Computational Molecular Medicine
Single-cell multi-omics data offer powerful opportunities to study disease at unprecedented resolution, but they also present significant challenges. The data are often sparse, noisy, and extremely high-dimensional, with technical differences between batches or donors that can obscure true biological signals. Our lab combines advanced computational methods with high-dimensional biological data to exludes technical artifacts and uncover mechanisms of disease progresssion and therapy response, with a particular emphasis on cancer and metabolic disorder.

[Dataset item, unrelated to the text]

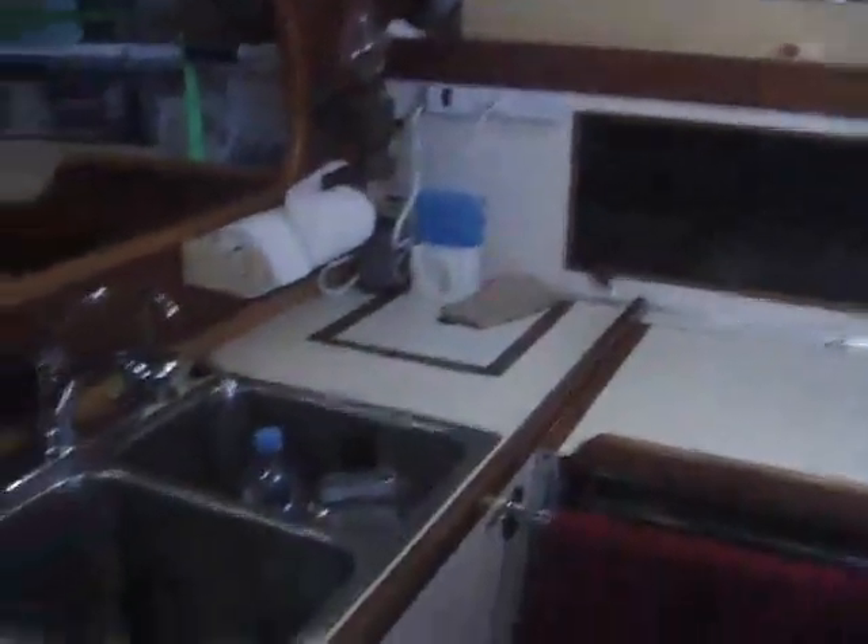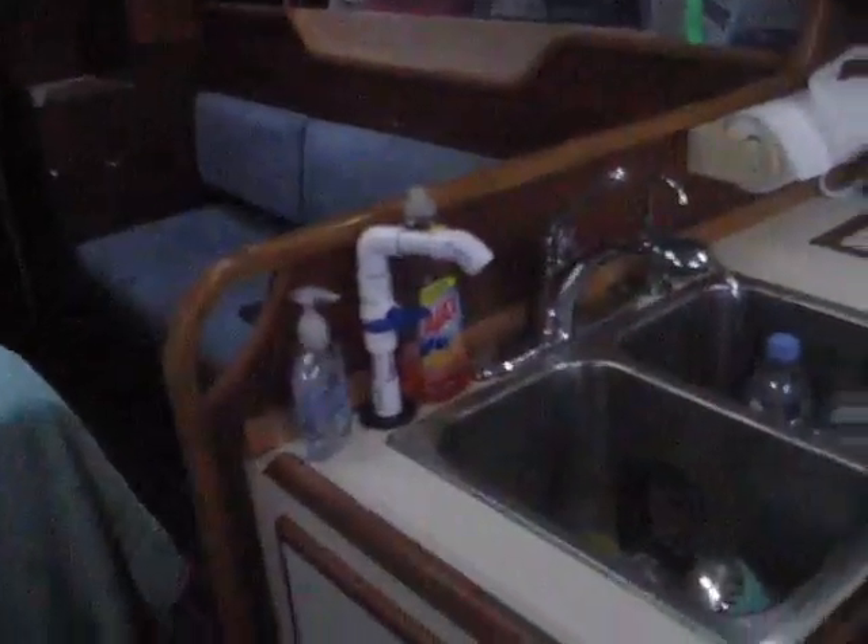Over to the opposite side is the galley — nice fridge, lots of storage, double sink. Now the port settee over here, a nice table. And there is the starboard settee. I'll get my headlamp on so you can see some things.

Single-Cell Multi-Omics for Clinical Cohorts
We specialize in the analysis of clinical single-cell multi-omics datasets, particularly from cancer and metabolic disease cohorts. Using state-of-the-art machine learning techniques, we analyze single-cell RNA sequencing and chromatin accessibility data to characterize cellular heterogeneity and regulatory dynamics. Our pipeline includes robust dimensionality reduction, clustering, and batch correction methods, allowing us to identify distinct cell populations and states across individuals. Through probabilistic graphical modeling and motif enrichment analysis, we reconstruct gene regulatory networks that govern disease-specific transcriptional programs. These approaches allow us to overcome the sparsity and noise inherent to single-cell data and extract biologically meaningful patterns that inform prognosis and therapeutic strategy.

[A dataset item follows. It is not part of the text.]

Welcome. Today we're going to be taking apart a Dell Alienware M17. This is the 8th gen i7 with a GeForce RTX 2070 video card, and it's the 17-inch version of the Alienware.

Multi-Omics for Mouse Models of Cancer Progression
To explore tumor development and treatment effects in vivo, we analyze multi-omics data generated from mouse models, including xenografts and genetically induced cancers. These datasets are complex, encompassing multiple axes of variation such as treatment regimens, time points, and tumor subtypes. To disentangle these factors, we develop tailored probabilistic latent variable models (LVMs) that reveal how sources of variability interact and which molecular features are relevant to human disease. Recent projects:
Multi-Omics combined with lineage tracing technology now allow us to quantify the clonal connectivity between different cell populations and infer the temporal dynamics of cell populations. Using mechanistic modeling, we can uncover the directionality of differentiation trajectories and the dynamical properties of the clones [pdf].
Analyzing cancerous mouse models provides valuable insights for developing personalized oncology approaches. We will integrate patient data at an early stage in this process using a forward and reverse translation technique. This method ensures that the results are clinically relevant and enables us to identify patients who are eligible for a new treatment. For example, we are working on a TRR project that investigates how ubiquitination impacts DNA damage repair in AML in order to identify a new anticancer target [project].